*** Source data Section Begins ***
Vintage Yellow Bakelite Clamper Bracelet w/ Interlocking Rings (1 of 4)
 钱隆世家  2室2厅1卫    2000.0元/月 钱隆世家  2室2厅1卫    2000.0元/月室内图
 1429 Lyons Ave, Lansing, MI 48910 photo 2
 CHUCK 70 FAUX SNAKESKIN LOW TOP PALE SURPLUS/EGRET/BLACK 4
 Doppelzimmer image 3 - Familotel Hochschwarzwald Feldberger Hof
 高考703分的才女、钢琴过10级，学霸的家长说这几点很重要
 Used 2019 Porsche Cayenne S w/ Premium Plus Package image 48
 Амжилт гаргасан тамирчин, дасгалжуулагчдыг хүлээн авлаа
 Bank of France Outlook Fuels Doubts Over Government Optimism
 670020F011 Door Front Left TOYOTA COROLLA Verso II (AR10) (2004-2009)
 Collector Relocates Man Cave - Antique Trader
*** Source data Section Ends ***
Print the entries once more, character for character.

* _Written solution_:
Vintage Yellow Bakelite Clamper Bracelet w/ Interlocking Rings (1 of 4)
 钱隆世家  2室2厅1卫    2000.0元/月 钱隆世家  2室2厅1卫    2000.0元/月室内图
 1429 Lyons Ave, Lansing, MI 48910 photo 2
 CHUCK 70 FAUX SNAKESKIN LOW TOP PALE SURPLUS/EGRET/BLACK 4
 Doppelzimmer image 3 - Familotel Hochschwarzwald Feldberger Hof
 高考703分的才女、钢琴过10级，学霸的家长说这几点很重要
 Used 2019 Porsche Cayenne S w/ Premium Plus Package image 48
 Амжилт гаргасан тамирчин, дасгалжуулагчдыг хүлээн авлаа
 Bank of France Outlook Fuels Doubts Over Government Optimism
 670020F011 Door Front Left TOYOTA COROLLA Verso II (AR10) (2004-2009)
 Collector Relocates Man Cave - Antique Trader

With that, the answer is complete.